The job frenzy of senior year has begun. In the midst of finishing up graduation requirements, thinking about senior theses, hanging out with societies, collecting letters of recommendation and maybe possibly sleeping, most of us have one thought persistently buzzing in the back of our minds: Where on Earth am I going after graduation?

BlackmonTBut despite the wide variety of post-graduation opportunities available to someone with a Yale degree, for so many of us, the answer will ultimately be the same.

According to the latest Office of Career Strategy report on post-grad plans, almost three-quarters of those in the class of 2014 who chose to reside in the United States after graduation did so in one of only five states: New York, Connecticut, California, Massachusetts and Washington, D.C. And this is no aberration: The year before, for the class of 2013, the percentage was slightly higher, at 76 percent.

I recognize I’m likely too late to compete with the flurry of personalized emails already sitting in the inboxes of this year’s seniors. But for other students still trying to figure out how best to make an impact after graduation, I offer one suggestion: Consider going South.

Admittedly, I come to this suggestion with a bit of a bias. A proud product of the South myself, I have great pride for the gaggle of states below the Mason-Dixon line. And it’s that instinctual loyalty that drives me to convey that the South needs help.

Consider a few telling facts: Forty-eight percent of all persons with an AIDS diagnosis who died in the United States were from the South. Eight out of the 10 states with the highest obesity rates are in the South. Of the 10 states with the lowest college graduation rates, seven are in the South. Similar stories can be told about median incomes, reproductive rights for women, queer rights and support for impoverished Americans.

America’s most complex problems are concentrated in the South, and yet very few of America’s best and brightest go there to solve them. That brain drain is both damning and troubling.

But if the case for using your Yale education for good in the South is overwhelming, why do so few choose to return?

I have a few ideas.

For starters, there is a pervasive and malicious instinct on campus to laugh at the South’s problems without seriously engaging them. Blinded by stereotypes, we cannot put up enough mental energy to think about the intersection of Southern culture, history and politics, so we escape instead by resorting to jokes. Ironically to those of us from the South, many Yalies scoff at Confederate flag-waving rednecks for their bigotry and then turn around and defend the name of a white supremacist with vigorous intellectual panache.

Unbelievably, I’ve even had a personal conversation with a professor who, when I mentioned returning to Georgia, openly mocked me and suggested the rest of the country go ahead and secede from the South instead of trying to solve its problems.

Needless to say, we need a culture change first.

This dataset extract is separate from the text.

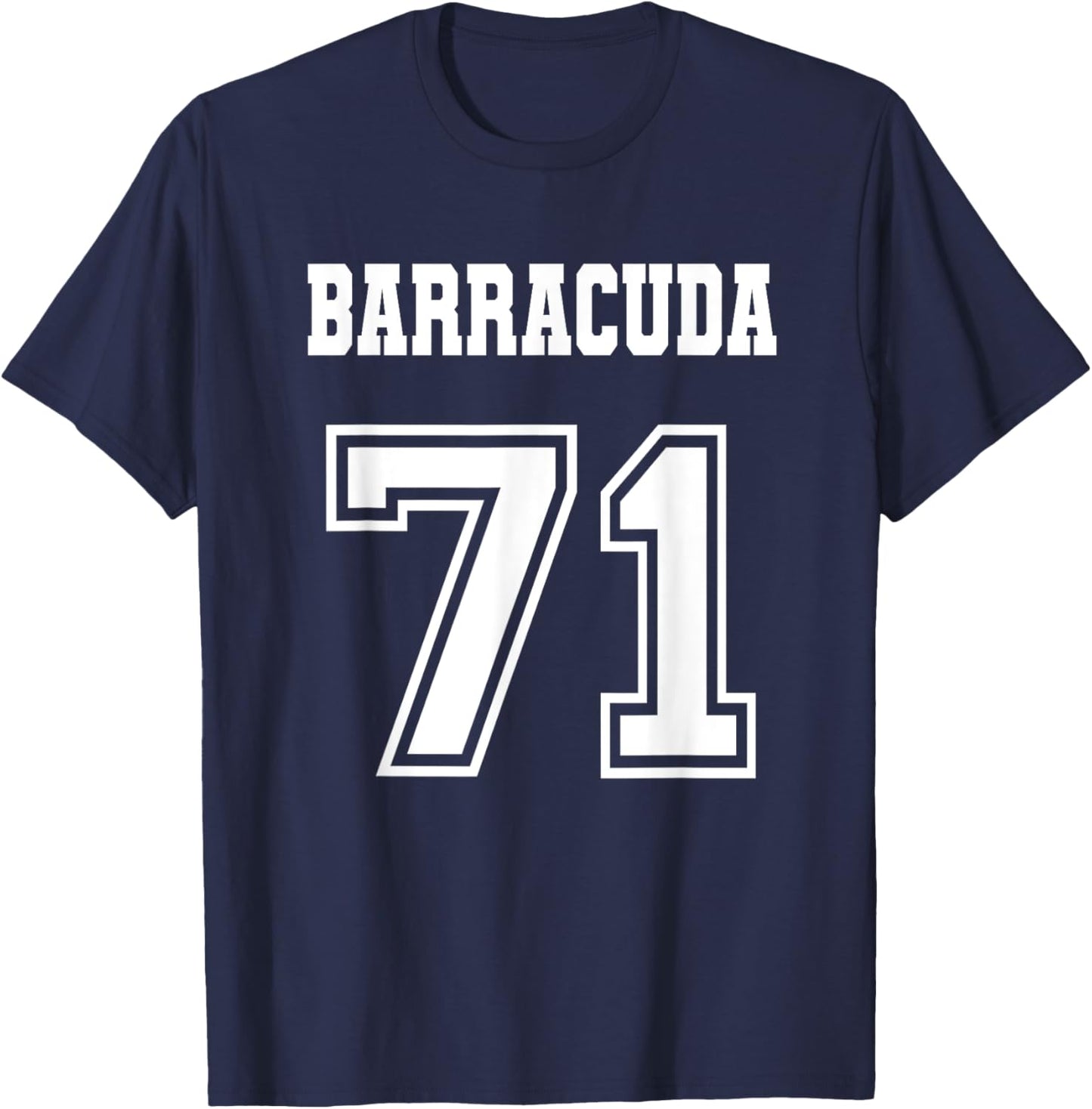 Jersey Style Barracuda 71 1971 Old School Muscle Car Fishing T-Shirt - T-Shirt | Navy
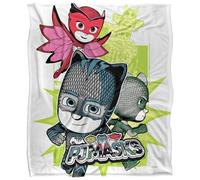 Pj Masks Comic Group Splash Coperta super morbida al tatto setoso - 91 x 147 cm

Second, we must ask ourselves why even the roughly 15 percent of Yalies from the South are not returning after graduation. On this, I don’t have an answer, but as a Southern Yalie once disillusioned by my hometown, I can understand the sentiment. What is it about Yale or an elite education that blinds us to our own past or severs the sense of obligation we have for our home states? If we want to counter brain drain, we’ll need to answer that question.

Third, finance and consulting are partially to blame. Fully 25 percent of every graduating class winds up using their American taxpayer-subsidized Yale education in pursuit of one of those two industries, and virtually none are doing so in the South. That drain of talent dwindles the number of Southbound Yalies even further.

Finally, and perhaps most importantly, students have forgotten or never fully understood the social contract Americans have set up with institutions like Yale.

American taxpayers massively subsidize Yale’s endowment. They pour money into Pell Grants and other scholarships that help students afford to study here. And they give further tax breaks to students and their families to fund your education. This is an incredible amount of money, but American taxpayers are willing to foot the bill because, in return, elite educational institutions like Yale are supposed to produce students who are well-equipped to spread out across the country and solve our greatest problems.

But we don’t. More concerned about self-enrichment than impact, we convince ourselves that there are no real opportunities outsides of one of three cities: New York, San Francisco or Washington, D.C.

And the South — crying out for economic, medical and social reform — is cast aside as the punch line of your next joke. The opportunity is there for anyone willing to take a second look.